Kyoto School Non-Knowing
ELI5
Sometimes the deepest kind of understanding isn't knowing facts about something — it's honestly recognizing that there's a core you simply cannot reach or fully grasp, whether in another person, in God, or in yourself, and that this honest "I don't and can't know" is itself a kind of wisdom.
Definition
Kyoto School Non-Knowing names the convergence, argued in Boothby's reading of Nishitani, between the Buddhist paradox of enlightenment — satori understood as "a knowing of non-knowing" (docta ignorantia) — and the Lacanian structure of das Ding as the constitutively unknowable dimension of the Nebenmensch. The concept does not simply assert ignorance; it asserts a knowing that has its own content, namely the recognition that the most intimate real — whether the other person, God, or one's own subject — is irreducibly inaccessible to conceptual grasp. This "knowing" is therefore not a cognitive failure but a structural condition: it mirrors the Lacanian insight that das Ding is "from the outset what I call the beyond-of-the-signified," a locus of pure lack that cannot be collapsed into any positive representation yet nonetheless exerts a gravitational pull on all desire and meaning-making.

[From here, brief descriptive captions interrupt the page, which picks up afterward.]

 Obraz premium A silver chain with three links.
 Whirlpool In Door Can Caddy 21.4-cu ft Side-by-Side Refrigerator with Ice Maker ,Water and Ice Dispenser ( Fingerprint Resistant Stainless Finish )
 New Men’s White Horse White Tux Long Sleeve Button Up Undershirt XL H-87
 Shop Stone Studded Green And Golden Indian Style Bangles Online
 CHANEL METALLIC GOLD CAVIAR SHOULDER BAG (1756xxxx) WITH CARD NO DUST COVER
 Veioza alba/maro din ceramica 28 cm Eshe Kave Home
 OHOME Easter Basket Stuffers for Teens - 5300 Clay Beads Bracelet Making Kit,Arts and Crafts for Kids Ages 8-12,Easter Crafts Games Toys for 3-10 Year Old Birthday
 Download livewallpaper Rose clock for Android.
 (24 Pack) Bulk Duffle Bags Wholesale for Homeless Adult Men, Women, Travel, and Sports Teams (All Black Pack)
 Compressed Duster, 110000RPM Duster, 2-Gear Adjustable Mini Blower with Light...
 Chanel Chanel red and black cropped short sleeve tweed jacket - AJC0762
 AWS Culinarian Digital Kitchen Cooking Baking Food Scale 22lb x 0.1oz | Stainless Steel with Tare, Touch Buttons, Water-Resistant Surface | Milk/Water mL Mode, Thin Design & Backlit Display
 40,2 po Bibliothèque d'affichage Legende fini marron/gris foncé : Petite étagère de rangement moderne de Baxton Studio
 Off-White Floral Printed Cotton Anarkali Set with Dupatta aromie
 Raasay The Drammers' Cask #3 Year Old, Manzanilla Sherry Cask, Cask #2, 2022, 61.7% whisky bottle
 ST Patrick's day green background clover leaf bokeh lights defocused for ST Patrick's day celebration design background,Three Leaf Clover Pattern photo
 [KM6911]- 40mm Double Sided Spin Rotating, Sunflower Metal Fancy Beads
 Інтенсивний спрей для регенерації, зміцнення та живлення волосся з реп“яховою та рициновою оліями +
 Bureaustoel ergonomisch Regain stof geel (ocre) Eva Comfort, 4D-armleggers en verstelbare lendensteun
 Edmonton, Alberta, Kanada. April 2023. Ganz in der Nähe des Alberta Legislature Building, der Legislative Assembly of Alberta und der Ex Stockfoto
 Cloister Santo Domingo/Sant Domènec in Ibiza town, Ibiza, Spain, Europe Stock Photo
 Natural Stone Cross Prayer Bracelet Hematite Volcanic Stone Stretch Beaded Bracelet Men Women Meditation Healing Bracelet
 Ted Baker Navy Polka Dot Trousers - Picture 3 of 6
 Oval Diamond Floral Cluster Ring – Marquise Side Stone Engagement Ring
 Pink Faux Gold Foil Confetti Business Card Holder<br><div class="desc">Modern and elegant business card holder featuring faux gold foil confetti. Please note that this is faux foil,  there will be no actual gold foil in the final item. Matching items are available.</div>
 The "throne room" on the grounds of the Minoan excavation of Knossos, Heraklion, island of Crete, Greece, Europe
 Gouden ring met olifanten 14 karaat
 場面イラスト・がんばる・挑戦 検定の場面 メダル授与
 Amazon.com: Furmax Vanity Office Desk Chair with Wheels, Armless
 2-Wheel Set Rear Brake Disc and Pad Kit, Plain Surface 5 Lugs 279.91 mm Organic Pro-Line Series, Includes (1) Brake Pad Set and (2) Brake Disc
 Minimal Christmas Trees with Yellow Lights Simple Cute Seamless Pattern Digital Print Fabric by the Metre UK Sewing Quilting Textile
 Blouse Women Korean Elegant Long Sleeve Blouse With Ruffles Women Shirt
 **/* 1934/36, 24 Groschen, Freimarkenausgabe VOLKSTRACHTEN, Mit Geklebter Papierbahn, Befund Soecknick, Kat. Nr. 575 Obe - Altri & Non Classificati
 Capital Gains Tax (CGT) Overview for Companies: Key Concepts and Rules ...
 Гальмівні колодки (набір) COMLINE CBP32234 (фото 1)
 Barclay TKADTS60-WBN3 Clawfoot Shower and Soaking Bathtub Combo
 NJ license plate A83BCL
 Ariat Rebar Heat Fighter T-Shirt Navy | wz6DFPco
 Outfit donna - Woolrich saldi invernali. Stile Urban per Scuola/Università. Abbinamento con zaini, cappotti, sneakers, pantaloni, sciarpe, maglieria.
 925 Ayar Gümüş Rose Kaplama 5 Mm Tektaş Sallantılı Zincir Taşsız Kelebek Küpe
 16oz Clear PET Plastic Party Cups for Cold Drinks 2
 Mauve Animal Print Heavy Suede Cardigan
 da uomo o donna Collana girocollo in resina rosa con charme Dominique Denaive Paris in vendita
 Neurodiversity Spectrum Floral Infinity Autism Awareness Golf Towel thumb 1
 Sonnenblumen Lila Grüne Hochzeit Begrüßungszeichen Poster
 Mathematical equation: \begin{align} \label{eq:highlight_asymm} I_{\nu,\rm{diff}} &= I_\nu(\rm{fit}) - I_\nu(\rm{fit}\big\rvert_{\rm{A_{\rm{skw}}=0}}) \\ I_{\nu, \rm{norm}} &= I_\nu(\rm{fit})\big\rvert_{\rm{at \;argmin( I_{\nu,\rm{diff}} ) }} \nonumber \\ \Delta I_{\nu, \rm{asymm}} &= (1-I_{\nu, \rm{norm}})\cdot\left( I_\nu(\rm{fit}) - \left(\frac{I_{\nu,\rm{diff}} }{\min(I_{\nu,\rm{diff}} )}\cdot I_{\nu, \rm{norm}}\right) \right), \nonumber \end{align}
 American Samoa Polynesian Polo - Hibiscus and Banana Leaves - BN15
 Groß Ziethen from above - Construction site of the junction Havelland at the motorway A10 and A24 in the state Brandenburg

The theoretical force of the alignment is that both the Kyoto School and Lacanian psychoanalysis locate the sacred — or, in Lacan's idiom, the ethical — precisely at this point of constitutive unknowing. In Buddhist terms, the deepest intimacy with reality is achieved not through accumulation of positive knowledge but through a kind of learned, disciplined surrender to unknowing; in Lacanian terms, this maps onto the injunction to maintain fidelity to das Ding rather than to fill the void with imaginary substitutes. "Radical unknowing" thus becomes the shared ground on which Boothby constructs a structural homology between psychoanalytic and Buddhist accounts of what makes an encounter — with the other, with the divine, with one's own desire — genuinely sacred rather than merely comforting.
Place in the corpus
This concept appears in diaeresis-richard-boothby-embracing-the-void-rethinking-the-origin-of-the-sacred (p. 181) as a pivot in Boothby's broader argument about the sacred. It functions as a cross-cultural specification of das Ding: where Lacan's Seminar VII frames the Thing as the "excluded interior" of the Nebenmensch — the portion of the fellow human being that resists all symbolization and memory-tracing — Kyoto School Non-Knowing names the experiential or contemplative orientation that arises when this structural limit is consciously embraced rather than defended against. In relation to the canonical concept of the Neighbour, the concept specifies that the "opaque, potentially malignant jouissance" harboured by the proximate Other is not an accidental obscurity but an irreducible feature — and that Zen enlightenment can be read as the disciplined acceptance of precisely that irreducibility. In relation to Extimacy, it names the felt or meditative correlate of the topology: what is most intimate (one's own Buddha-nature, one's own deepest desire) is simultaneously most exterior and unknowable, echoing the Lacanian formula that what is "at the heart of me" is "strange to me." Finally, in relation to Knowledge (savoir), Kyoto School Non-Knowing occupies a structurally analogous position to the Lacanian "knowledge that does not know itself" — but inverted: whereas unconscious savoir operates without the subject's awareness, docta ignorantia is a knowing that reflexively acknowledges its own limit, making unknowing explicit rather than symptomatic. The concept thus extends the Lacanian framework by showing that the void at the centre of das Ding can be approached not only through the detours of desire but also through a contemplative practice of deliberate epistemic surrender.
Key formulations
Embracing the Void: Rethinking the Origin of the Sacred (p.181)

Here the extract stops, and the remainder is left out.